Un semplice ma sobrio dramma civile sulla lotta disperata di una donna per la sua dignità e la sua esistenza, in estrema sintesi, che ricorda naturalmente in una certa misura le opere dei fratelli Dardenne e di Ken Loach attraverso un esame acuto di alcune vergognose ingiustizie sistemiche, tra cui la discriminazione sessuale e lo sfruttamento. Al centro di tutto c’è la dipendente Jeong-eun, impiegata di una grande compagnia elettrica che viene mandata per un anno in una società di subappalti.
I Don’t Fire Myself: lavorare per vivere, vivere per lavorare
Appare abbastanza chiaro che l’azienda abbia trasferito la ragazza solo per sbarazzarsene, portandola all’esasperazione e al licenziamento: nella remota area rurale in cui Jeong-eun si trova improvvisamente catapultata, il compito sarebbe quello di supervisionare lo sparuto gruppo di operai che lavora lì. Fin dal primo giorno, però, la situazione si fa tesissima e il manager le ricorda che non c’è davvero nulla che lei possa fare in quel luogo se non occupare semplicemente in silenzio la sua scrivania. La donna viene vista come un corpo estraneo da rigettare, quasi una spia del datore di lavoro.

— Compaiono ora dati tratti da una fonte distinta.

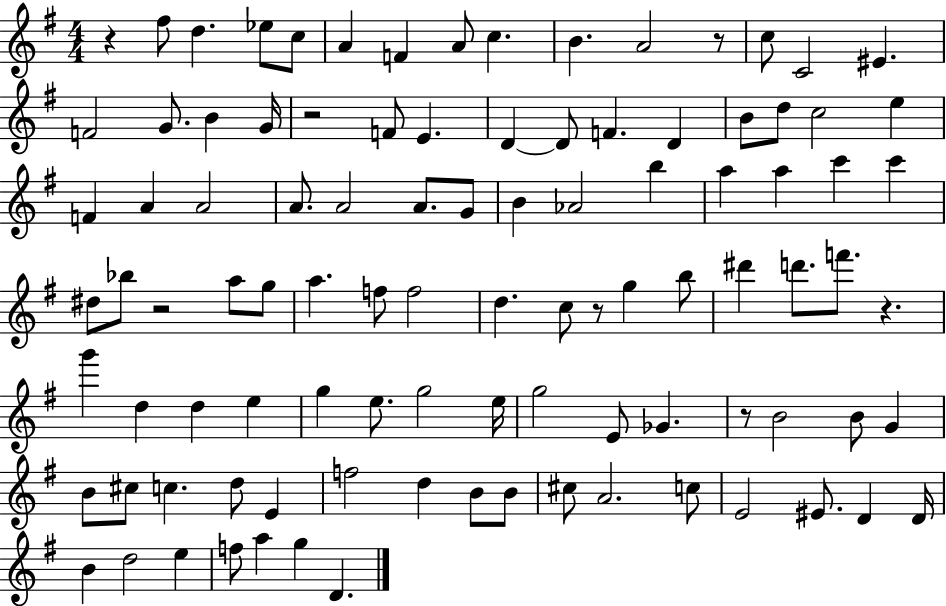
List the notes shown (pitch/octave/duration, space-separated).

R/q F#5/e D5/q. Eb5/e C5/e A4/q F4/q A4/e C5/q. B4/q. A4/h R/e C5/e C4/h EIS4/q. F4/h G4/e. B4/q G4/s R/h F4/e E4/q. D4/q D4/e F4/q. D4/q B4/e D5/e C5/h E5/q F4/q A4/q A4/h A4/e. A4/h A4/e. G4/e B4/q Ab4/h B5/q A5/q A5/q C6/q C6/q D#5/e Bb5/e R/h A5/e G5/e A5/q. F5/e F5/h D5/q. C5/e R/e G5/q B5/e D#6/q D6/e. F6/e. R/q. G6/q D5/q D5/q E5/q G5/q E5/e. G5/h E5/s G5/h E4/e Gb4/q. R/e B4/h B4/e G4/q B4/e C#5/e C5/q. D5/e E4/q F5/h D5/q B4/e B4/e C#5/e A4/h. C5/e E4/h EIS4/e. D4/q D4/s B4/q D5/h E5/q F5/e A5/q G5/q D4/q.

Inizia qui la personale battaglia di Jeong-eun, naturalmente non in opposizione ai colleghi manovali – che pure non esitano a escluderla da qualunque attività – ma contro l’azienda che l’ha brutalmente vessata. Si lavora per vivere e sopravvivere, e in questa ottica la giovane stringe un’insolita amicizia con Choong-sik, che per mantenere le tre figliolette svolge tre mansioni (oltre a scalare i tralicci dell’alta tensione, infatti, è un autista e lavora in un piccolo supermarket). Un feeling, il loro, che (fortunatamente) non si trasforma in una convenzionale storia d’amore, restando sui binari della solidarietà e del genuino senso di reciproca compassione.
“Essere licenziati fa più paura che morire”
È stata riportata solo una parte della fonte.